To my way of thinking, though, the answer to my question, "If you spawn 65535 threads in Erlang, are they all condemned to run on a single processor?" is really "Yes, they are, but distributed programming in Erlang is so easy, you'd load the same code into different processes and/or machines and start some of the threads there instead." That is, one Erlang process (OS process, I mean, doesn't Erland call threads 'processes' also?) can spawn a huge number of threads, but they'll all run on the same processor - they're not OS threads and so the OS won't distribute the load over multiple processors. Of course you can call up other OS processes and tell them to work on the same problem. That's fine, and I think the Erlang approach is excellent, I just want to be clear.

The question I was really trying to ask might have been better put as, "I know Erlang provides its own threading, but can it use more than one OS thread per OS process to run all those userspace threads?"

The reason I ask is that I sometimes wonder whether it's better to support cheap userspace threads (like Erlang, PLT, Ocaml, etc.) and make people who want to write interfaces to C responsible for preventing all 65535 threads from being paused when one calls the C library, or whether it's better to do what's sometimes called M*N threading, that is using M number of OS threads to run N number of user threads. It seems to me that M*N threading would make life simpler for the users of the language (calls to C would automatically not suspend all the threads, all processors would automatically be available for use, and so on). I'm not aware of any language implementations that actually provide this, however, so I'm assuming the barriers to implementation must be formiddable.

Do you know of any materials which might shed light on this question? Were M*N threads considered but rejected for Erlang, for instance?

ref is for passing by reference (by value is the default). It has a somewhat peculiar meaning when what you're passing is a reference type. See MSDN for clarification (sort of).

You're right that I creatively interpreted your question for my own ends :-). Literally you are quite correct regarding the standard implementation of Erlang.

To interface C code with Erlang you typically write a separate C program and talk to it via a pipe. This is an excellent fit with the Erlang "shared nothing" philosophy of code isolation. Erlang has a port type that makes those programs look a lot like Erlang processes.

Adding C code to the Erlang runtime system is definite Real Man territory and most people never do it. You do have to make everything absolutely non-blocking.
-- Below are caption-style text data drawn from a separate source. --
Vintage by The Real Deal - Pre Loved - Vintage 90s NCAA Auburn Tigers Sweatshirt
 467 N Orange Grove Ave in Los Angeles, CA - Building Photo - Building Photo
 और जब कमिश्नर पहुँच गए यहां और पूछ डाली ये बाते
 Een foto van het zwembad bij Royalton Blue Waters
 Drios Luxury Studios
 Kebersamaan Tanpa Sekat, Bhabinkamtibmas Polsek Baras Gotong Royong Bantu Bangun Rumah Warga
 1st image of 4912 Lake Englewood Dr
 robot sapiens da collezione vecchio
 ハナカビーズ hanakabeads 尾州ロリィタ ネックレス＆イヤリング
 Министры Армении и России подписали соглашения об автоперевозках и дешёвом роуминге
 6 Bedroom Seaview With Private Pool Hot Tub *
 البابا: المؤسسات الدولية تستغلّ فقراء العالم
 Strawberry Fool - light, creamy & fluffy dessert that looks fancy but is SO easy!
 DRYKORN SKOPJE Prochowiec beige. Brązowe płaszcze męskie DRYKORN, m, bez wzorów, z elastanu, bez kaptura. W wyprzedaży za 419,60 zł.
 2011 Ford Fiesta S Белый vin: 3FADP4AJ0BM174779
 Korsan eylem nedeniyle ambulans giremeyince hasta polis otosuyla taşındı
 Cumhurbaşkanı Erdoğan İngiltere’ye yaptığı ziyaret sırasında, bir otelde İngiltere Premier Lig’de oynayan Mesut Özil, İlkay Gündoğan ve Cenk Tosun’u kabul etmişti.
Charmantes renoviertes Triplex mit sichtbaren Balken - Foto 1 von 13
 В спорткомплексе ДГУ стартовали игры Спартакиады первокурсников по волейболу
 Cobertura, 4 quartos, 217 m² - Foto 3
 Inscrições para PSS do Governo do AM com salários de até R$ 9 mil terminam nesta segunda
If you really want to you can use threads for your own purposes: the "file driver" does due to the lack of non-blocking system calls for file I/O.

A multithreaded Erlang runtime system has been implemented for research, but it was never merged into the main system. It's a beautiful fit with Erlang as a language, but I don't think there is huge practical demand for it. I have heard rumour that someone is going to have another go at this soon though.

This is similar for other mission critical or high performance systems. For example, the Gemstone Smalltalk persistent application server can run C code in the same process, but this is almost never recommended because someone's bad C can screw up all the nice "managed code" (as the kids call it these days). Screwing up someone's C# text editor is one thing, but screwing up a bank transaction or a 911 phone call is something else.

I think there was some relevant discussion associated with Simon Marlow's Haskell Web Server (ICFP 2000?), but I'm not sure how far things have progressed since then.